How secure is your smart home? It’s a question you might be asking after a hacker has published a list of Telnet logins for a half-million servers, as well as home routers and smart devices, sometimes referred to as the Internet of Things (IoT).
Telnet is an application protocol used on an internet network to provide text-oriented communication abilities using a virtual terminal connection.
According to tech site ZDNet, the hacker published the list on a hacker forum and included each device’s IP address, along with the username and password, potentially giving readers easy access to the compromised device.
That information can be used to take remote control of the compromised devices. Computers can be used to send out millions of spam emails. Smart devices, such as thermostats and garage door openers, can be used to carry out denial of service attacks on websites, making them inaccessible for short periods of time.
Denial of service attack
In 2016, hackers took control of millions of smart devices around the world to carry out such attacks against major websites, such as Amazon, Netflix, and Twitter.
Dyn, the sites' common DNS provider, conducted an investigation that showed that many of the compromised smart devices had been infected with a malware called Mirai, which is a botnet. This attack was directed at Dyn, but the threat to individual consumers is just as possible and, in many ways, more invasive.

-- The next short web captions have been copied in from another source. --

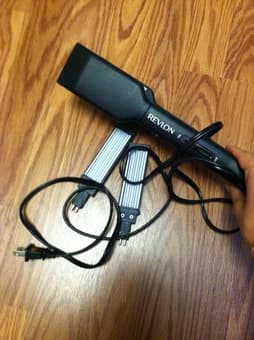 selling hair crimper! 2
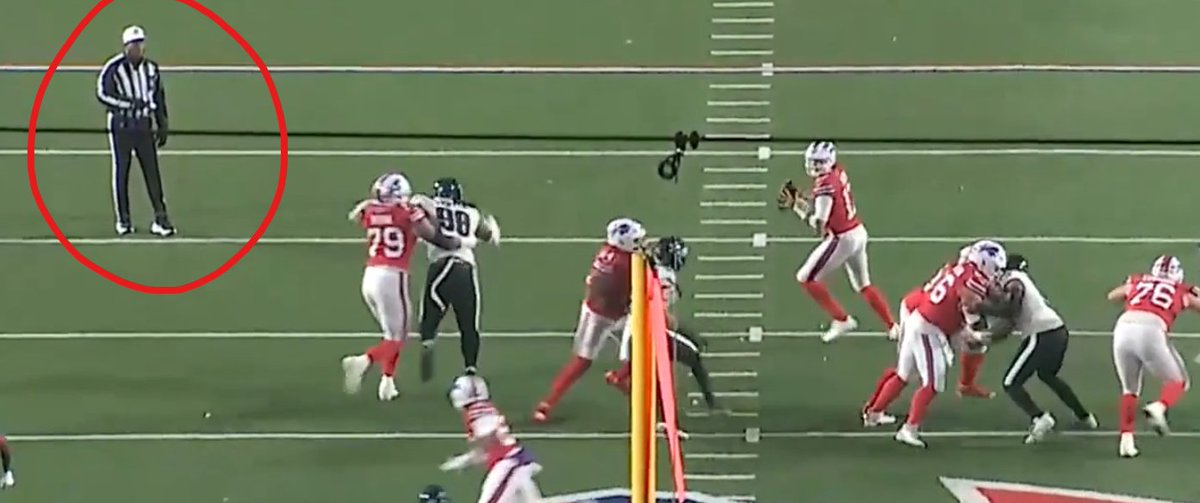 thomasrp93's tweet image. I mean come on man...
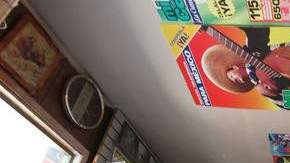 Emilio Castrellón trabaja por cuenta propia; su negocio se localiza en North Hollywood. Para personas como él, la SBA  ofrece clases y asesoramiento gratuito en el área de Los Ángeles.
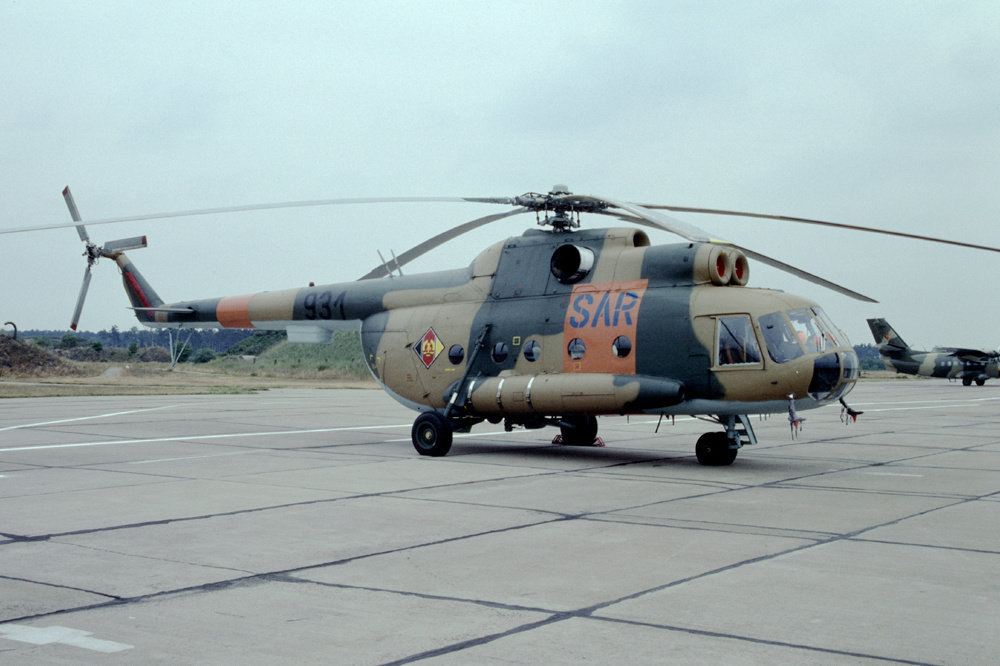 Mil Mi-8T de l'armée est-allemande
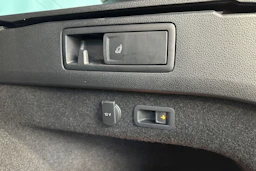 harmaa Volkswagen Passat 2023 kuva 32.
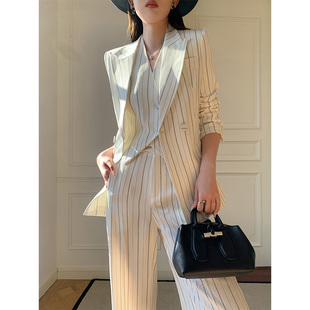 条纹西装套装女早秋新款女神范韩版培训会议主持人西服三件套正装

A year later, security software firm Trend Micro reported a steady increase in the number of attacks on smart appliances, interfering with individuals’ use of their lights, home security systems, thermostats, and even TVs and baby monitors.

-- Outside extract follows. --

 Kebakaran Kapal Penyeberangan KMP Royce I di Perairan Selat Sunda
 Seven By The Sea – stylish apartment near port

The hacker who published the latest list said the login credentials were easy to come by because they had either not been changed from the factory default or had been changed to easy-to-guess passwords like “1-2-3-4.”
How to protect yourself
There are steps consumers should take to protect their smart devices and any device that connects to the internet. Norton Security reports the threat is much more personal than simply allowing your device to be taken over and used by a hacker.
It notes that smart devices in the home are data collectors and the personal information collected and stored with these devices, such as your name, age, health data, location and more, can aid criminals in stealing your identity.
You can protect yourself by installing reputable and highly rated internet security software on your computers, tablets, and smartphones. Use strong and unique passwords for device accounts, Wi-Fi networks, and connected devices.
Also, do some research when you are shopping for a smart device. These devices collect a lot of personal data. While collecting data isn’t necessarily a bad thing, you should know about what types of data these devices collect, how it’s stored and protected, if it is shared with third parties, and the policies or protections they offer in the event of a data breach.